Memory is a precious commodity. We could not live without our ability to remember events. But the brain also needs to forget, and in moments that you would not expect: for example, to be able to find a set of keys.
The function of our memory has been a subject of study for centuries, but we have not yet understood it. The ram of memory science is research into Alzheimer's disease and other forms of dementia. It's nice to think you can cure them, but it's not just a health issue: it's above all economic. Dementia costs $ 1,3 trillion annually: by 2050 the "damage" of an older and more forgetful world will rise to 2,8 trillion dollars.
You will understand well how at this point it is a crucial question. And this explains, for example, the EU budget of 500 million euros per year. Economic efforts on the subject have increased by 50% in the last 5 years: everyone wants to be the first to "decode" the brain.
At what point is the research on memory in practice?
Just a few weeks ago a study showed important advances in understanding how long-term memory works. United to new diagnostic methods it could help in the treatment or even prevention of dementia diseases such as Alzheimer's disease.
Among the things already established, however, is the fact that our memory is subjective. There are so many studies now that show how memories change over time when individuals remember particular events. Details are also often added or altered. For this reason the eyewitnesses in the investigations are not as reliable as the TV series tell: certain interrogation strategies, for example, they can affect how you remember things.
How would things change if memory were objective and unalterable?
At least on the judicial level there would be undoubted improvements. On the rest who knows. I'll get to that later. In any case, there are several studies for this too.
Scientific researches on the so-called nanobot, for example, they could provide neuroscience with a lot of potential. These small devices (which it is assumed will be smaller and smaller) will be able to record information from the brain through a system, or even transmit it via wifi to an external cloud to conserve our memory.

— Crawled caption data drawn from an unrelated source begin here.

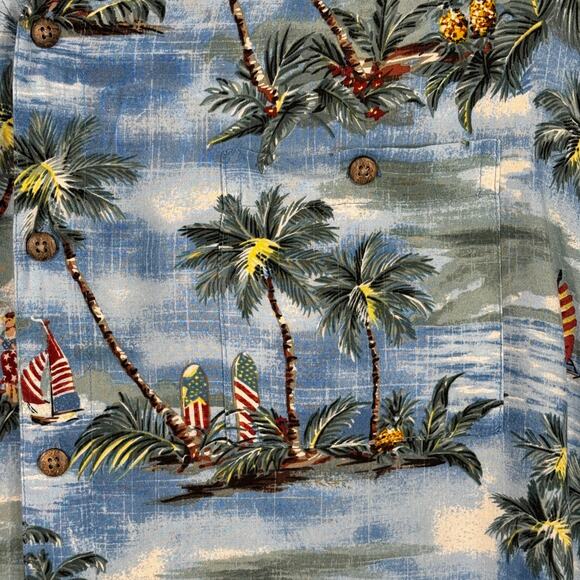 Batik Bay XX-Large Mens Hawaiian Shirt Button-Up Pocket Palm Trees Short Sleeve - Picture 3 of 5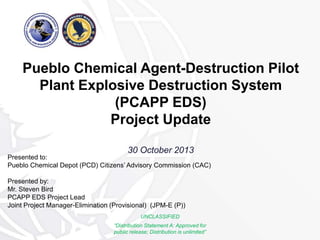 Pueblo Chemical Agent-Destruction Pilot
Plant Explosive Destruction System
(PCAPP EDS)
Project Update
30 October 2013
“Distribution Statement A: Approved for
public release; Distribution is unlimited”
UNCLASSIFIED
Presented to:
Pueblo Chemical Depot (PCD) Citizens’ Advisory Commission (CAC)
Presented by:
Mr. Steven Bird
PCAPP EDS Project Lead
Joint Project Manager-Elimination (Provisional) (JPM-E (P))
 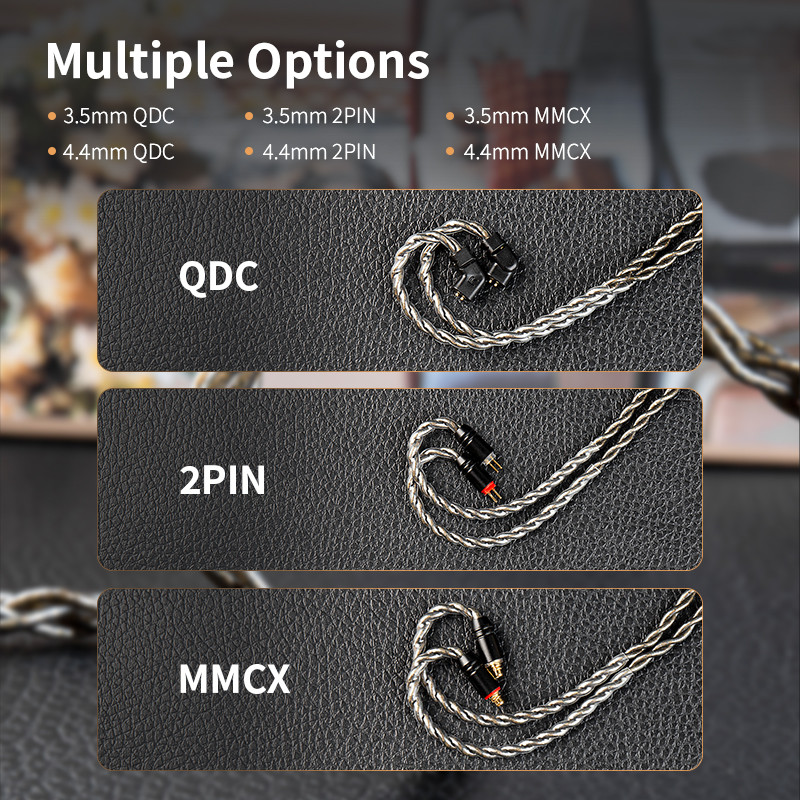 Mới KBEAR DarkJade 4 Dây 252 Lõi Cáp Tai Nghe Dây Đồng Mạ Bạc Cáp Cân Bằng Độ Phân Giải Cao Cáp 3.5 / 4.4mm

Sounds like science fiction, right?
For the moment it is, like all frontier technologies. To get there, in addition to the miniaturization of plants and nanobots, computers of incredible power will also be needed. However, neuroscience and quantum computers are taking steps in that direction. In the first case, we record the first programmable bodies and the advances of Neuralink and similar. In the second, all the progresses related to quantum computers.

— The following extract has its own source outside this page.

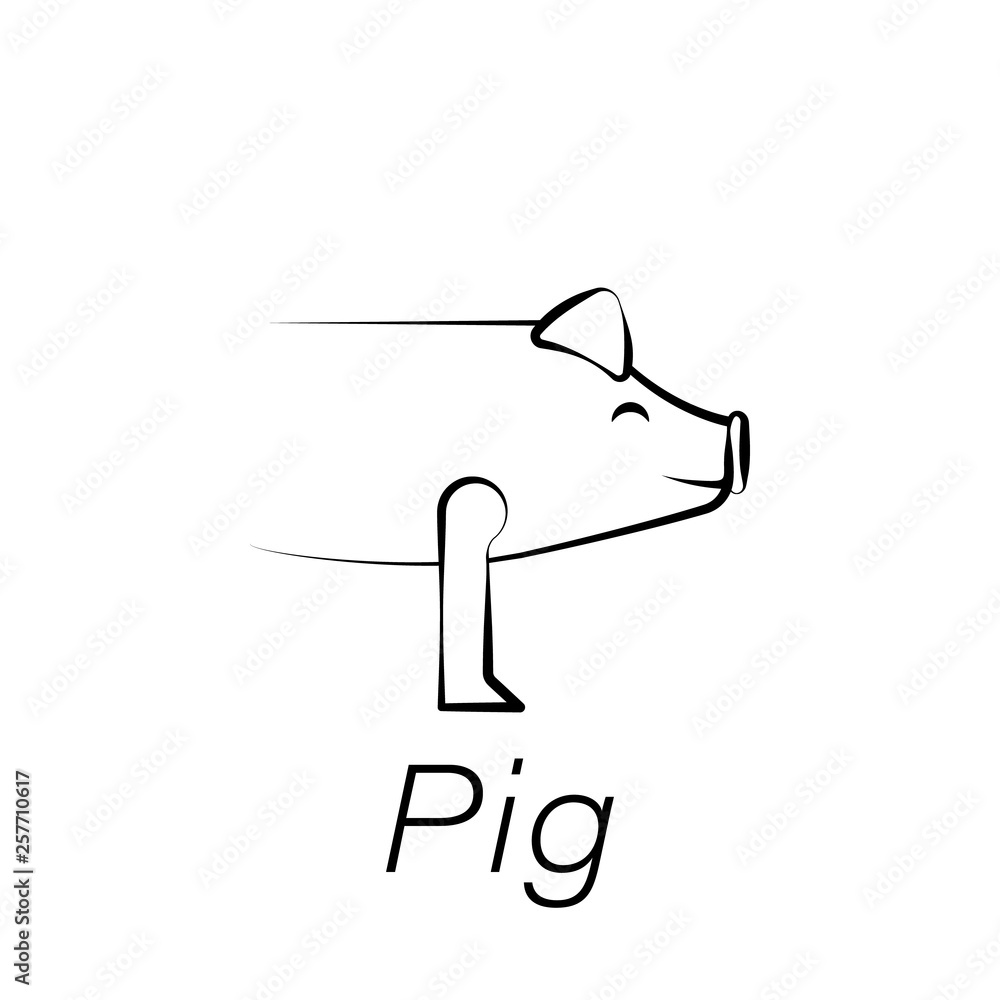 pig hand draw icon. Element of farming illustration icons. Signs and symbols can be used for web, logo, mobile app, UI, UX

In other words, connecting our memory to a cloud is not a reality of the present, but a concrete prospect of the future.
So what would be the benefits of not forgetting?

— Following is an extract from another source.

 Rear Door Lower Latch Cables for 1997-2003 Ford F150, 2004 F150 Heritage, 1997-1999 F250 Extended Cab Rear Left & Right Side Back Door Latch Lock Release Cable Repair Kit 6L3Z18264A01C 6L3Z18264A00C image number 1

Our brains have limited capacity. And saving some of the information we have on a computer allows us to free up some of it and dedicate ourselves to learning new things. This is already a reality: we use smartphones, voice assistants and the cloud to “park” information (from appointments to passwords, from pasta timers to holiday photos) and to help us not forget them.
So far we talk about beautiful things. What happens when the memories are bad? The discussion changes: in some cases is it more useful to remember or forget?
Projects are already underway investigating how brain stimulation can help to render traumatic experiences inactive. An understandable goal. But if our memory also becomes accessible from the outside, who will judge what a traumatic experience is? Again: when we reach the ability to alter and erase memories on command, what will really tell us if a memory is real or not?
Legislation on this point is still non-existent. Or almost: at the moment the first (and only) country in the world to establish a law to protect neurological rights even in its Constitution has been Chile. It is to be hoped that other nations will follow soon.